At a traditional New Year meeting on January 25, he told a gathering of religious leaders that although the country has a secular constitution it doesn't mean that religion shouldn't be closely involved in public policy.
He said: "A secular society is one which has decided to separate churches from the state, so the state doesn't have to account for its choices to churches, and churches don't depend on the state to live and organise – this is secularity, a secular republic," he told religious leaders.
"But this doesn't mean churches, respecting the law, are forbidden from speaking. Nor does it mean your words shouldn't go beyond the walls of your places of worship. That would be a strange idea of democracy: Everyone has a right to speak, except you," he told the leaders, including Paris Cardinal Andre Vingt-Trois.

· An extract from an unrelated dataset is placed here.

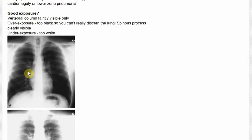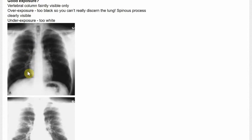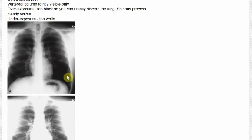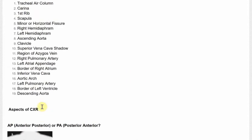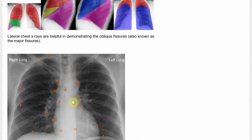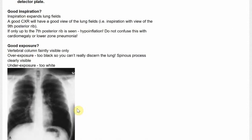Exposure is also important. Overexposure means everything's too black, and underexposure means everything's too white. Adequate exposure is where the vertebral column is faintly visible, as you can see here — everything's not too black, everything's not too white; everything's equal.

Sarkozy said France's status as a "secular and social republic" was "written in black and white" in its constitution, along with its guiding principle of "laïcité," or secularism.

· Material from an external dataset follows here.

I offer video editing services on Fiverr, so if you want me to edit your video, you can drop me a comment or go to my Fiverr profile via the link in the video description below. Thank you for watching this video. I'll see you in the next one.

However, he added that the country's religions should also participate in national debates and in "creating our cultural identities". He said it would be a "strange schizophrenia" to preserve France's religious heritage while insisting religions had "nothing more to say, offer and impart."
"The spiritual richness you animate, the depth of thought you embody, the values you bear all have a vocation to address themselves to those who never cross the threshold of your churches, mosques, synagogues and temples," the president told the religious leaders.
The Church claims that two-thirds of the French population is Catholic, although less than one in ten goes to Church or has anything to do with Catholicism. 40 per cent declare themselves unambiguously to be atheists. So why does Mr Sarkozy feel the need to make such meaningless abasement to the churches?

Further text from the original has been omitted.